▶ PROBLEM TO WORK ON:
Would you return, word for word, the lines running from the one with "Découvrez notre test" to the final line of the listing below, pictures omitted?

▶ DATA PROVIDED:
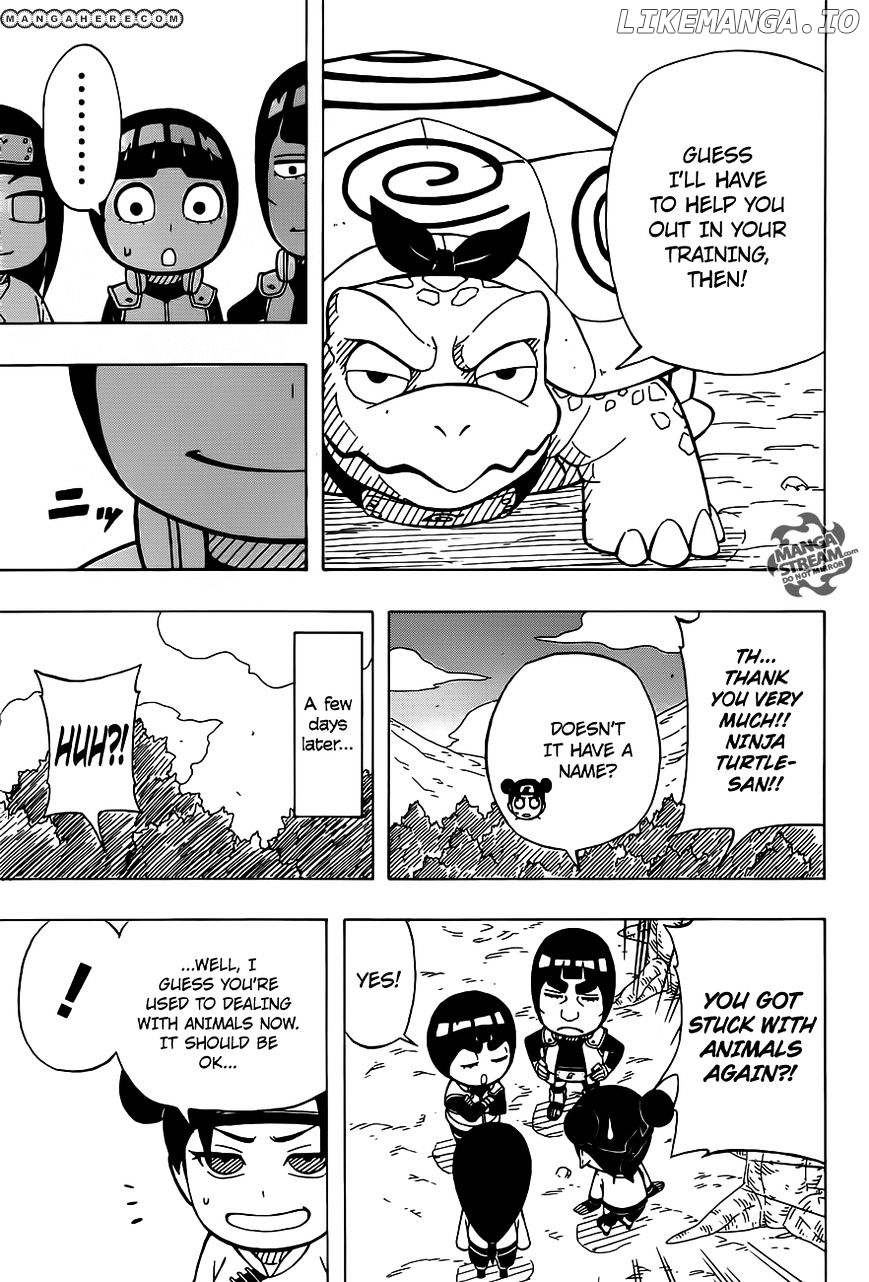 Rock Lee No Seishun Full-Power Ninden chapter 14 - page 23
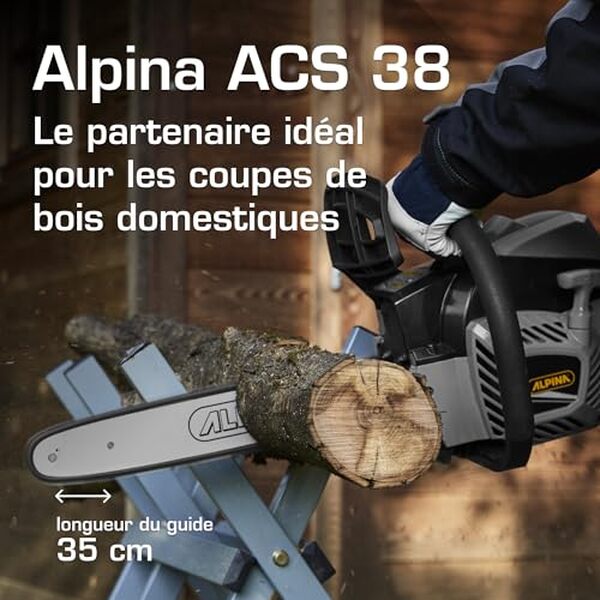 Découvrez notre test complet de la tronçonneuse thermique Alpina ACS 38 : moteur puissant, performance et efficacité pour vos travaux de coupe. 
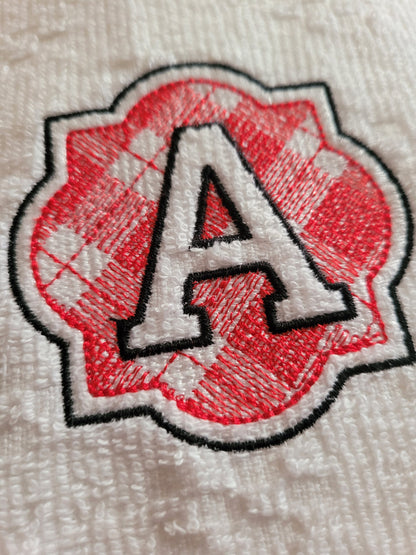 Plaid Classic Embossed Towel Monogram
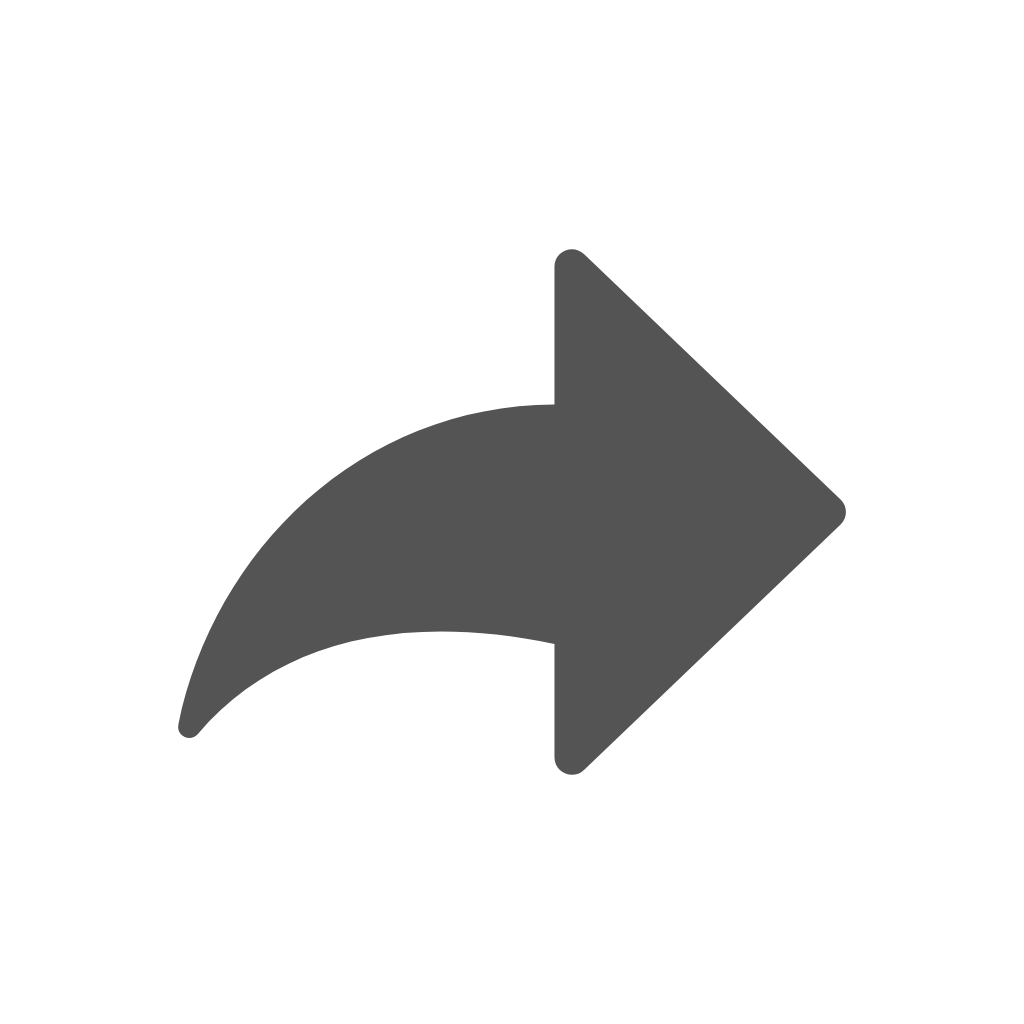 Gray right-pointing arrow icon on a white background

▶ SOLUTION TO THIS PROBLEM:
 Découvrez notre test complet de la tronçonneuse thermique Alpina ACS 38 : moteur puissant, performance et efficacité pour vos travaux de coupe. 
 Plaid Classic Embossed Towel Monogram
 Gray right-pointing arrow icon on a white background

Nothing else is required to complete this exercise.